Türkiye birilerinin dayattığı anlayışla hareket etmek zorunda değildir.
Tüm küresel sarsıntılara rağmen ülkemiz birçok alanda olumlu gelişmeler kaydederken, çeşitli çevrelerce ekonomi modelimizin insafsızca ve adeta ideolojik bir saplantıya varırcasına eleştirilmesini şaşkınlıkla karşıladığımızı belirtmek isterim.

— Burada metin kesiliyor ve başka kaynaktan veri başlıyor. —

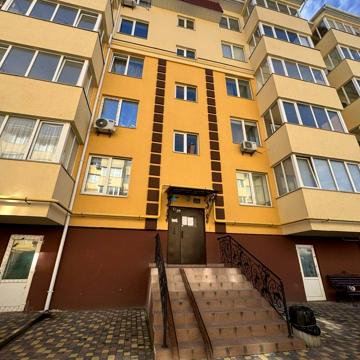 Тарасівська вул., 7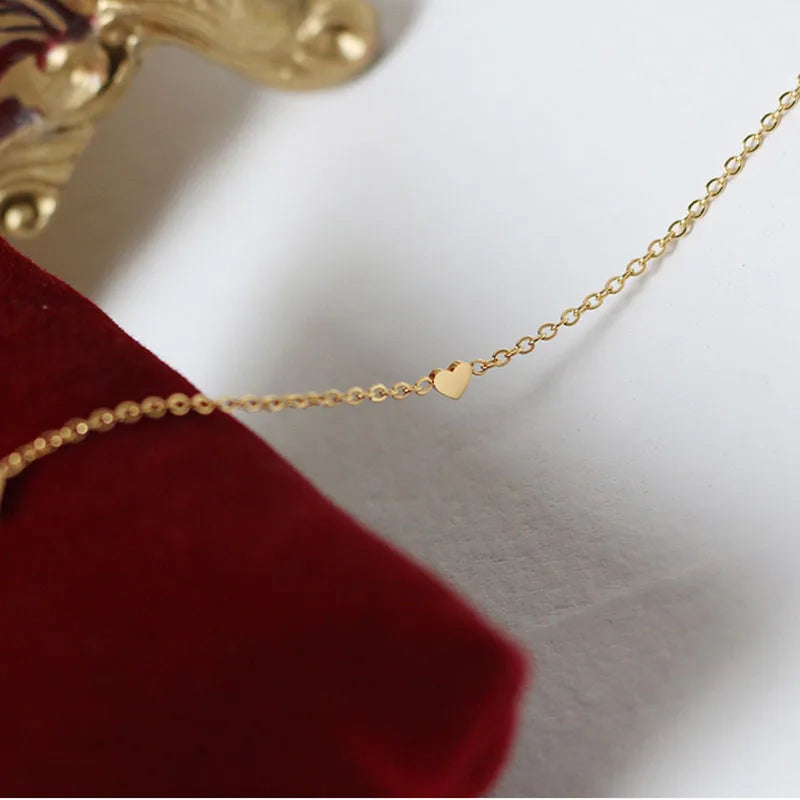 Colar Gargantilha com Corações Empilhados em Aço Inoxidável Dourado, Minimalismo e Elegância Feminina
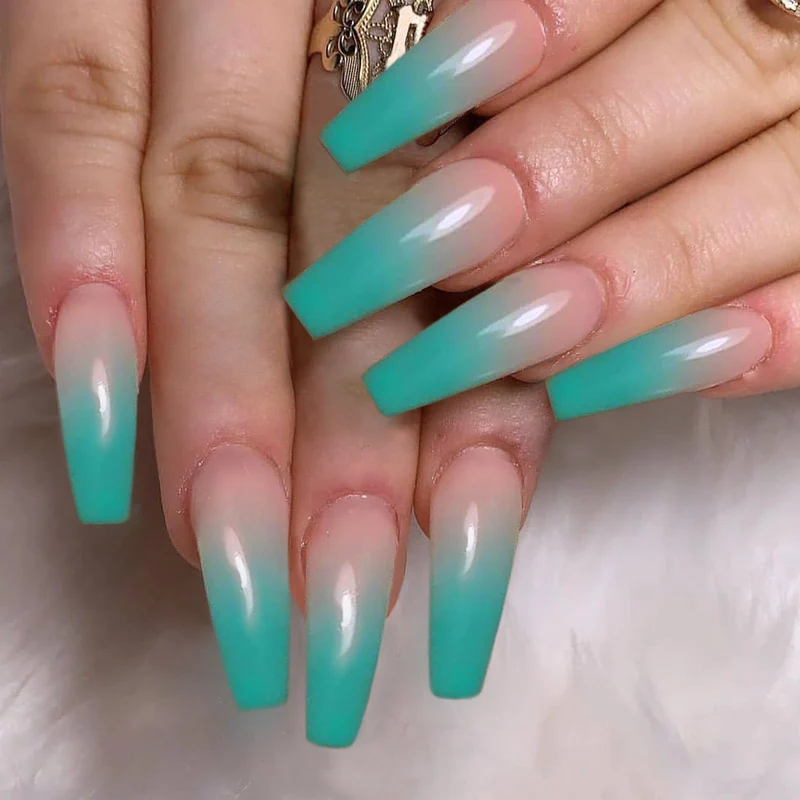 Kunstvolle Nagelverlängerungen mit Ombre-Effekt Karnz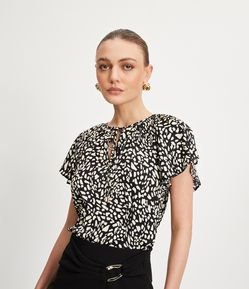 Blusa Manga Curta Acetinada com Amarração na Gola e Estampa Abstrata
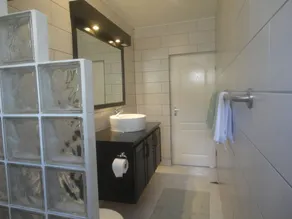 Landslake Apartments - Image 2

Orta gelir tuzağını aşmayı hedefliyoruz, aşacağız.
İnsanımızın taleplerini karşılamaya çalışıyoruz, özellikle KOBİ'lerimizin kredi imkanlarına daha kolay ulaşmasını sağlayacak çalışmalarımız hızlı bir şekilde sürüyor.
Ülkemiz için son derece stratejik birçok adımı atmaktaki kararlılığımız, tamamen ülkemizin ve insanımızın spesifik ihtiyaçları doğrultusundadır.
Dünyanın, özellikle gelişmekte olan ülkelerin, yeni şeyler duymaya ihtiyacı var.
Bakanlığımız bünyesinde reform ve gelişim dinamiğini sürekli kılacağına inandığımız Hazine ve Maliye Akademisi Başkanlığı’nı kuruyoruz."